Da qualche tempo si è
inserito nel dibattito politico italiano un dato estremamente interessante,
quello della “percezione”.
Interessante non tanto
per quel che di volta in volta racconta, quanto per l’uso che ne viene fatto.
Ad esempio, la percezione della corruzione o la fiducia degli italiani nella ripresa economica
(che sempre di una percezione si tratta), vengono sbandierati dalla “armata
governativa” come un dato importante su cui basare le decisioni future o sul
quale far ruotare la retorica del buon lavoro svolto.
In questo caso, va a
capire il perché, la “percezione” assume un “valore scientifico”. Sulla base di
cosa non si sa.

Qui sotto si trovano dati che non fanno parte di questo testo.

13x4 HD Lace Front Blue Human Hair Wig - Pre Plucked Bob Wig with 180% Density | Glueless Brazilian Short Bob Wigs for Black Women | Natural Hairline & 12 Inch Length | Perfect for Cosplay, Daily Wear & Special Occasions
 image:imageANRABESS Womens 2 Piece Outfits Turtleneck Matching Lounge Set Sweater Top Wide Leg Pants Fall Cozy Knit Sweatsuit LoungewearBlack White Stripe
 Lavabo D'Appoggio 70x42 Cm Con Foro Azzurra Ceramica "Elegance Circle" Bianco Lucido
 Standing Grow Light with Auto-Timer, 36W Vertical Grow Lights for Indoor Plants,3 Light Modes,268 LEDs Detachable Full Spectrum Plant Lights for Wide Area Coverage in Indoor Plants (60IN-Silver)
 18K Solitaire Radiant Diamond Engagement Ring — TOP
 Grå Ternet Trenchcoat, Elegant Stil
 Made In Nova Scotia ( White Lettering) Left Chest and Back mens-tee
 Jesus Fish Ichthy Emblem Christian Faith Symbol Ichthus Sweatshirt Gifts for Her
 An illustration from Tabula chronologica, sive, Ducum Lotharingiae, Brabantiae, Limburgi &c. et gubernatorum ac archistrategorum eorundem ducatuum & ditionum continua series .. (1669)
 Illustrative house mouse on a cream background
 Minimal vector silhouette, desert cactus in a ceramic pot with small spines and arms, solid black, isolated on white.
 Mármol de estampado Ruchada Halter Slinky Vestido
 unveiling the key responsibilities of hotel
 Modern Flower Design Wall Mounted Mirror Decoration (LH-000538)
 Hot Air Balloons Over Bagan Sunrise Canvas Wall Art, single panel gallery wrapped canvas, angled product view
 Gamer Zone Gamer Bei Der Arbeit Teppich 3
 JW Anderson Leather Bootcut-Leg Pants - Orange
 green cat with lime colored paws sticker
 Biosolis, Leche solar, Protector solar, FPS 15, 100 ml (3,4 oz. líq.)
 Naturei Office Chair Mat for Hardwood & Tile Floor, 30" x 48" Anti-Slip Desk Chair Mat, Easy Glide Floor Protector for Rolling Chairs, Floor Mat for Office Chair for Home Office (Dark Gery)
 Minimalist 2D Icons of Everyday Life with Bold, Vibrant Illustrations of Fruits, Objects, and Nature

Che può esserci di scientifico nel fatto che io percepisca che
gli altri non mi vogliono bene, o che sono corrotti, o raccomandati o ammalati
o buoni o grassi o magri...?
È soltanto la mia
percezione, la mia sensazione. Che valore può avere rispetto ai dati, per
esempio, del PIL o della disoccupazione? Ma siccome serve alla narrazione (Dio!,
non se ne può più di questo termine, bisognerà trovare un’altra parola) di chi
guida la barca, ecco che il dato viene sbandierato ai quattro venti.
Lasciamo stare per ora a
cosa può servire il dire che gli Italiani percepiscono il loro Paese come il
più corrotto d’Europa. Basterebbe, per controbattere, mostrare che i Tedeschi
percepiscono il LORO Paese come il più corrotto d’Europa.
Stamane sento un altro
dato: tra gli Italiani, in rapporto al problema emigrazione, è alta la
percezione di insicurezza con conseguente paura.
Curiosamente, ascoltando
i soliti dibattiti televisivi, questo elemento viene immediatamente smontato,
rilevando, appunto, che si tratta di “percezione”, e che quindi ha un valore
relativo.
La prima osservazione
che sorge è: perché se la percezione interessa voi è trattata come dato
assoluto, se viene contro la vostra “narrazione” invece non lo è?
Fatevi la domanda e
datevi la risposta perché tanto è facile.
La seconda osservazione
è forse più interessante: la “percezione” diventa dato scientifico nel momento
in cui si entra nel campo della psicologia. Nel momento in cui, cioè, essa
rileva il rapporto tra il racconto (sinonimo di narrazione) fatto e il
risultato psicologicamente ottenuto; quando, insomma, viene ad indicare la
relazione non tra il mio operare e i risultati reali, ma tra il come te la
racconto e il quanto mi credi. Questa relazione è talmente forte -
forte perché si sedimenta nel profondo di un inconscio sia singolo che
collettivo – che diviene difficilissimo, quasi impossibile smontarla (chi è
passato in psicoterapia sa che non basta un giorno o una settimana di cura per
cambiare la propria visione delle cose).
Con questo tipo di
“indagine di mercato”, dunque, posso verificare se attraverso il consolidamento
della tua percezione, la mia narrazione è stata efficace; quindi, ciò che
realmente si consolida è... il mio potere, la mia possibilità futura di gestire
le cose rilevando di volta in volta quanto devo correggere la “narrazione” e quanto
questa può procedere sullo stesso binario.
La scientificità,
dunque, è nell’uso delle parole che, come scriveva Roland Barthes, sono una
chimica impalpabile, ci entrano dentro e ci modificano, che noi lo si voglia o
no, che noi lo si percepisca o no. E a questa bella citazione colta (Barthes fa
sempre “colto”), ve ne accosterei un’altra, di Xavier Marias, dal suo romanzo
“Un cuore così bianco” (titolo non a caso preso da battuta del Macbeth
shaekespiariano), che osserva una cosa talmente semplice quanto irrilevata e
vera: “Le orecchie non hanno palpebre”.